If you do not suffer of any injury, get up and climb back again to your horse. It helps you to gained back confidence both for your horse and rider. Thanks.
_Posted via Mobile Device_


----------



## Rachel1786 (Nov 14, 2010)

Delfina said:


> Don't, it hurts!


****!
When you start falling don't try to hold onto their neck, my friend did this once on my old horse(he bucked a few times in a row and she started loosing her seat) so not your normal everyday occurrence, but make sure you fall to the side, you don't want to fall in front of them because then they can run over top of you, which is what happened to my friend, so when you start to fall and there is no where left to go but down just push yourself off to the side away from their hooves...i haven't fallen off in a few years, so i'm due to come off soon, almost happened in my lesson today lol


----------



## Ali M (Mar 28, 2011)

Get back on right after (if you're able), but I think that it's important to get your confidence back a little if you were shaken up. If you climb on right away and do the exact same mistake because you're scared of falling now, you didn't really do much to correct the original problem. You're just sore twice over! Whenever I fell I'd always get back on right away, but I'd walk around the arena a few times to catch my breath. I'd do a few circles, some trot and canter, and THEN go back and try the jump or whatever I was doing. If I tried it again right away I always made the same, sometimes a WORSE, mistake because I was tense and expecting the same result. It might not be the right advice for every person, horse, and situation but a fall was usually just my silly mistake.

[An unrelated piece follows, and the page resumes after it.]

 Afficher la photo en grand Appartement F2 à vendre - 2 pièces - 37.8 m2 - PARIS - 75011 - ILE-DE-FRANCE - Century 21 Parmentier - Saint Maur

And never get embarrassed! Everyone's been there.


----------



## Lonannuniel (Jun 13, 2008)

Falling gracefully is an art in my opinion. I've always been amazed by the equine gymnasts and acrobats who somehow manage to land on their feet lol. 

I think every one else has covered the concept of falling, I'm still struggling with the social aspect of it ( i don't mind getting hurt, I'm just nervous about responding to the ' ARE YOU OK?!? ' that gets screamed at you when your on the ground ^-^'') anyway... Whatever happens, try to end on a good note. Get back on ( if you aren't injured of course ) and if nothing else go over a jump ( if that's what your doing) both you and your horse are confident about. If you aren't too shaken, go over the jump you had troubles with, making sure to learn from your previous mistake. If you aren't jumping, just continue on with your ride as if you hadn't fallen, take it easy if you need to, and stay relaxed.

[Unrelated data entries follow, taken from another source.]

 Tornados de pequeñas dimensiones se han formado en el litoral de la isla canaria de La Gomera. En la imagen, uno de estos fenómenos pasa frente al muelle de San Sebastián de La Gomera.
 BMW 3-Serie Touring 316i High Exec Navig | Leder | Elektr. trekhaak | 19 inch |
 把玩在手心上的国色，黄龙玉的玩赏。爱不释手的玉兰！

You'll probably feel the force of the fall the next day. So if your the type to skip school, its a very good excuse ( joking...don't skip school =D ). Ice packs and hot baths both help to sooth sore muscles. ( ice reduces inflammation, heat relaxes tense muscles)


----------



## kathryn (Jan 16, 2009)

If you are determined not to fall off, you can make some pretty impressive saves. I managed to land on my feet twice in one lesson haha. Alot of times if you just try hard you can even stay on, or arrange your body to land on your feet.

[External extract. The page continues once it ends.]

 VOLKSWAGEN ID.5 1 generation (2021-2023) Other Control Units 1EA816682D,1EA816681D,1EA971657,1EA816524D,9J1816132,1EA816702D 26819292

Falling isn't a huge deal, its part of riding. I always jump up and hop back on, and so far I have always been able to. Its important to get back on to keep your confidence.


----------



## SPhorsemanship (Apr 5, 2010)

My advice: don't think about it, just chill. Falling off will make you better and more confidant if you get yourself over that fear. When you do fall, get back on! Try to stay on if you loose your balance or the horse/pony is misbehaving but at the point where you know you are falling off, don't try to stay on(like when you're hanging off the side-doesn't always happen though. Sometimes you just get shot into the air or to the ground). If you try to stay on you might land to close to the horse. You want to land as far away as possibly without holding the reins(unless you fall off balanced=on your feet) because you don't want to pull the horse on top of you.


----------



## usandpets (Jan 1, 2011)

I had heard something about if your foot gets caught in the stirrup. I'm not sure where I heard it or if it really works. Supposedly, if your foot gets caught, you should roll towards the horse and your foot will come loose. If you try to roll away, it will stay stuck. I know the best situation would be breakaway stirrups. Maybe someone else has heard or done this?


----------



## corporate pride (Feb 23, 2010)

my first fall was on my first horse, she was 16.3hh LOL we went over a HUGE 20cm jump and she cantered out, i hadn't cantered her yet so i lost balance with that and the jump ("self taught") i landed on her neck and slipped off, i landed on my feet infront of her, i ran backwards until she stopped, i still hade the reins in my hands.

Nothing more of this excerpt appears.